Short Definition
SGD vs Adam compares two major optimization algorithms in deep learning: Stochastic Gradient Descent (SGD), which uses uniform learning rates, and Adam, which adapts learning rates per parameter using moment estimates.
It contrasts simplicity and generalization stability with adaptive convergence speed.
Definition
Training neural networks requires updating parameters using gradient information.
Two widely used optimizers are:
Stochastic Gradient Descent (SGD)
[
\theta_{t+1} = \theta_t – \eta \nabla_\theta \mathcal{L}(\theta_t)
]
Where:
- ( \eta ) = learning rate
- ( \nabla_\theta \mathcal{L} ) = gradient
SGD may include momentum:
[
v_t = \beta v_{t-1} + \nabla_\theta \mathcal{L}
]
[
\theta_{t+1} = \theta_t – \eta v_t
]
Adam (Adaptive Moment Estimation)
Adam maintains moving averages of:
- First moment (mean of gradients)
- Second moment (variance of gradients)
[
m_t = \beta_1 m_{t-1} + (1-\beta_1) g_t
]
[
v_t = \beta_2 v_{t-1} + (1-\beta_2) g_t^2
]
[
\theta_{t+1} = \theta_t – \eta \frac{m_t}{\sqrt{v_t} + \epsilon}
]
Adam adapts learning rates per parameter.
Core Difference
| Aspect | SGD | Adam |
|---|---|---|
| Learning rate | Global | Per-parameter |
| Convergence speed | Slower initially | Faster initially |
| Generalization | Often better | Sometimes worse |
| Hyperparameter sensitivity | Higher | Lower |
| Memory cost | Low | Higher |
SGD is simple and stable.
Adam is adaptive and faster early in training.

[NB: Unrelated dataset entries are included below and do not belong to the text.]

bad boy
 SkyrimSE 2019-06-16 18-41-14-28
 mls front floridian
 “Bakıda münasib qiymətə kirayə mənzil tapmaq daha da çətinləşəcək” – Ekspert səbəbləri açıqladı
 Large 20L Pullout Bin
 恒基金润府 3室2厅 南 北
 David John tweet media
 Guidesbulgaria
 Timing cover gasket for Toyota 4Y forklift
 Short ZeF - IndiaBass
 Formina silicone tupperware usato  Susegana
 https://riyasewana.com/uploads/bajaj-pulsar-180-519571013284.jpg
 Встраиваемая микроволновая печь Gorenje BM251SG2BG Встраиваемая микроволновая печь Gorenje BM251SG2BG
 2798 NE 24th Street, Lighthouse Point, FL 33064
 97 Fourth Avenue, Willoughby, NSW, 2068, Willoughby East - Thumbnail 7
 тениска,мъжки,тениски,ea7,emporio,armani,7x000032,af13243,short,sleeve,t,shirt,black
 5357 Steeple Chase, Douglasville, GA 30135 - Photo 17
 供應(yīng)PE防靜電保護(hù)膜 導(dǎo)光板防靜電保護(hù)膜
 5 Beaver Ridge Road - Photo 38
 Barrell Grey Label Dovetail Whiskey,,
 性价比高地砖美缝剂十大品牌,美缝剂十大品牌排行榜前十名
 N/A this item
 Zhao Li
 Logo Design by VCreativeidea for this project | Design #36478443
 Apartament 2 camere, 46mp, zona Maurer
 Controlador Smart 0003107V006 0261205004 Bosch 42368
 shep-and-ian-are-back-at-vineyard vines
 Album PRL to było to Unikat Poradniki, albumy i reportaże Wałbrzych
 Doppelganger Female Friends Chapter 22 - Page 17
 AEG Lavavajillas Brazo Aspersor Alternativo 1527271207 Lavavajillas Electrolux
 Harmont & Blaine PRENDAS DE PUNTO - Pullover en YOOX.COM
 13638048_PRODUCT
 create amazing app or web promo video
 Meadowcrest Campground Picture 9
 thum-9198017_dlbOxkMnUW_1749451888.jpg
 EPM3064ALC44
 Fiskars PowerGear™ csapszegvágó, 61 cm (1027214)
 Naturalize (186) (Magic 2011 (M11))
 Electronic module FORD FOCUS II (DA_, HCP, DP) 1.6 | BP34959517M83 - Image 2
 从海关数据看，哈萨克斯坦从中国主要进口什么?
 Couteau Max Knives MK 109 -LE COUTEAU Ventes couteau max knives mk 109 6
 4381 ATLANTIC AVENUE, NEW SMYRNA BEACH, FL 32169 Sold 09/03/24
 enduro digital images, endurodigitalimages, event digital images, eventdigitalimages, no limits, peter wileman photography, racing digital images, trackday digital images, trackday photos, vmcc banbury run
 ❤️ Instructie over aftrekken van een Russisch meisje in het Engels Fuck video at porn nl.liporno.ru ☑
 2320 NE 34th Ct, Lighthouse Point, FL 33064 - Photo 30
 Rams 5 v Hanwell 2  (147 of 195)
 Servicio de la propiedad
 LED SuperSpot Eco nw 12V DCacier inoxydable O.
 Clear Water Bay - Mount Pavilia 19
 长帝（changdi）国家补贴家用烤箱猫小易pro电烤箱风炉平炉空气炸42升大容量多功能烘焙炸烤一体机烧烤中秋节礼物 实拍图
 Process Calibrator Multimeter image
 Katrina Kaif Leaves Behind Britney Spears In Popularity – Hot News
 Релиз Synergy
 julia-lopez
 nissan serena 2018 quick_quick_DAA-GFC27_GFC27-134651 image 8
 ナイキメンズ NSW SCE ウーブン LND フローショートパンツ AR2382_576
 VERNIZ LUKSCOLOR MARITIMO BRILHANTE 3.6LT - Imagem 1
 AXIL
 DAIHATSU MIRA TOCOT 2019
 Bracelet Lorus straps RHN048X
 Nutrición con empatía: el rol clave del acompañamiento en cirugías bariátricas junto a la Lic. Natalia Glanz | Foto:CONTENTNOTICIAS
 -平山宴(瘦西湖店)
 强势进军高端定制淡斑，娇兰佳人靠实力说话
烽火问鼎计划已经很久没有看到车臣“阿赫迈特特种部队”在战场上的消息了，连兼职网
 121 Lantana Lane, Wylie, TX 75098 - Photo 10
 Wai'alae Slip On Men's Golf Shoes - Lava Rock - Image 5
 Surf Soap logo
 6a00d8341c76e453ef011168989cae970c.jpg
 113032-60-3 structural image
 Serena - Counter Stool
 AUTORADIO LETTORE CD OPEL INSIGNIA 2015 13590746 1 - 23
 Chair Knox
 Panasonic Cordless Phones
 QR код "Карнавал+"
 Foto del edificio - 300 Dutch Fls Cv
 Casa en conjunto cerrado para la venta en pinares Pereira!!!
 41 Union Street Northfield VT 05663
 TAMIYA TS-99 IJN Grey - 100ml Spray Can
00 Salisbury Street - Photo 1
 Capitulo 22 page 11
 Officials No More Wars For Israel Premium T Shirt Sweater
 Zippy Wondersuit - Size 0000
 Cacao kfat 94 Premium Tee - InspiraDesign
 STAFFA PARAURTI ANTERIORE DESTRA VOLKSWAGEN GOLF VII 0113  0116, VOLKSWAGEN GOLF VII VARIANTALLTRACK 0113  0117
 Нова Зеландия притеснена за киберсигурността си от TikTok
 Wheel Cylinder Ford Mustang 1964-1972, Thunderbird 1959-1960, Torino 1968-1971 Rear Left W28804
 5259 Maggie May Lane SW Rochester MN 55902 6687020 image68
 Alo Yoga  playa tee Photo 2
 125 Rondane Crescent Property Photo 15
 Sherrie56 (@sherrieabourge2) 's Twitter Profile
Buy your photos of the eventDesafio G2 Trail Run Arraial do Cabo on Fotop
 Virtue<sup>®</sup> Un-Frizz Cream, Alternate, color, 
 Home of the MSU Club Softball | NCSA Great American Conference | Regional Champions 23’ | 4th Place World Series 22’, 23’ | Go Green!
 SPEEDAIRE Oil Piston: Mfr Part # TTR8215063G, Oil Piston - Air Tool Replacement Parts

Minimal Conceptual Illustration
SGD:
All parameters updated with same step size.
Adam:
Each parameter has its own adaptive step size.
Large gradients → smaller steps.
Small gradients → larger steps.
Adam normalizes gradient magnitudes automatically.
Convergence Behavior
Adam often:
- Converges faster in early epochs.
- Requires less manual learning rate tuning.
- Handles sparse gradients well.
SGD often:
- Converges more slowly.
- Achieves better final generalization in vision tasks.
- Benefits from carefully designed learning rate schedules.
Generalization Trade-Off
Empirical findings show:
- SGD frequently generalizes better in large-scale vision models.
- Adam may overfit or converge to sharper minima.
- Switching from Adam to SGD late in training can improve performance.
The difference is linked to optimization geometry and implicit regularization.
Loss Landscape Perspective
Adam’s adaptive updates may:
- Follow sharp curvature directions aggressively.
- Converge to narrow minima.
SGD’s uniform noise may:
- Encourage flatter minima.
- Improve generalization robustness.
Flat minima are often associated with better out-of-distribution stability.
Scaling Context
In large Transformer models:
- Adam (or AdamW) is dominant.
- Adaptive updates help stabilize large parameter spaces.
- LayerNorm interacts well with Adam.
In convolutional vision models:
- SGD with momentum remains common.
Optimizer choice depends on architecture.
Computational Considerations
Adam requires:
- Storing first and second moment estimates.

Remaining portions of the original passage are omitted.